What is expected:
Write out exactly the lines below that run from the one containing "Shiv Kapur’s late" through the one containing "4th image of 4316 Asbury Ave", both included, with no other lines.

Source material:
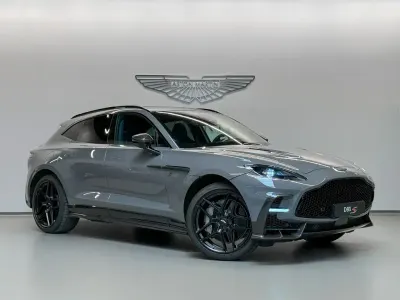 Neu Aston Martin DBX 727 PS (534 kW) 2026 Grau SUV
* * *
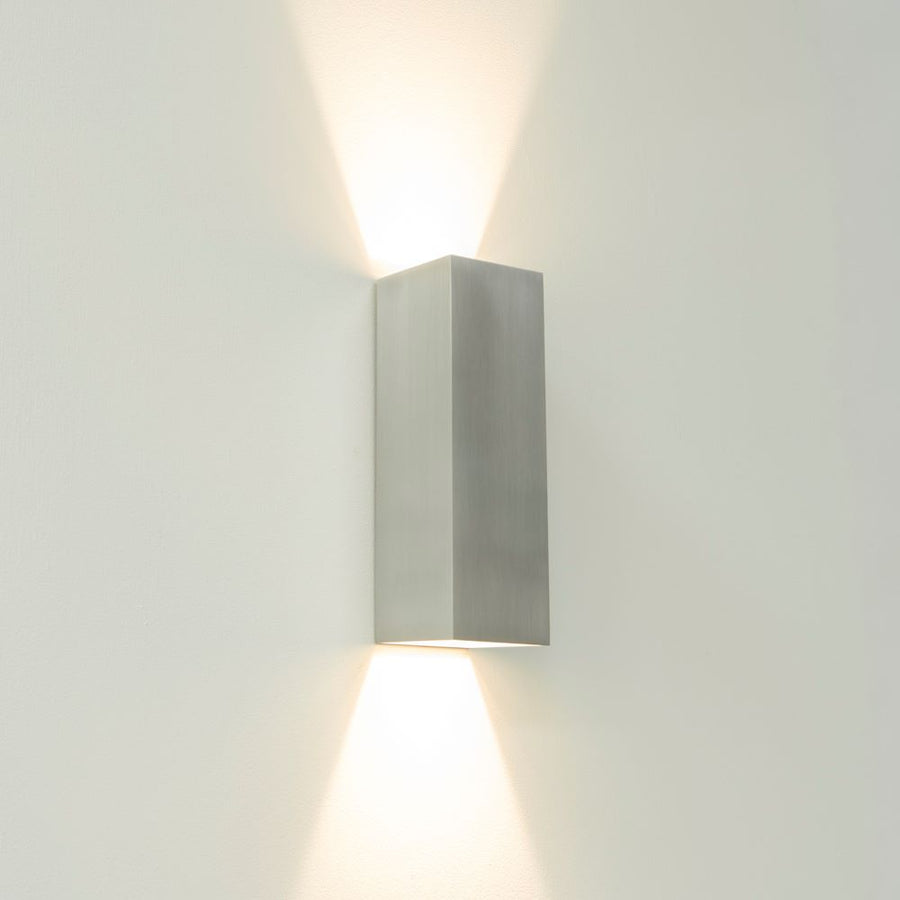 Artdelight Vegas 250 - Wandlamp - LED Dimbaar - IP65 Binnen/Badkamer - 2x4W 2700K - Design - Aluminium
--
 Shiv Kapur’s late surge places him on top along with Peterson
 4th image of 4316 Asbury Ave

Result of the task:
 Shiv Kapur’s late surge places him on top along with Peterson
 4th image of 4316 Asbury Ave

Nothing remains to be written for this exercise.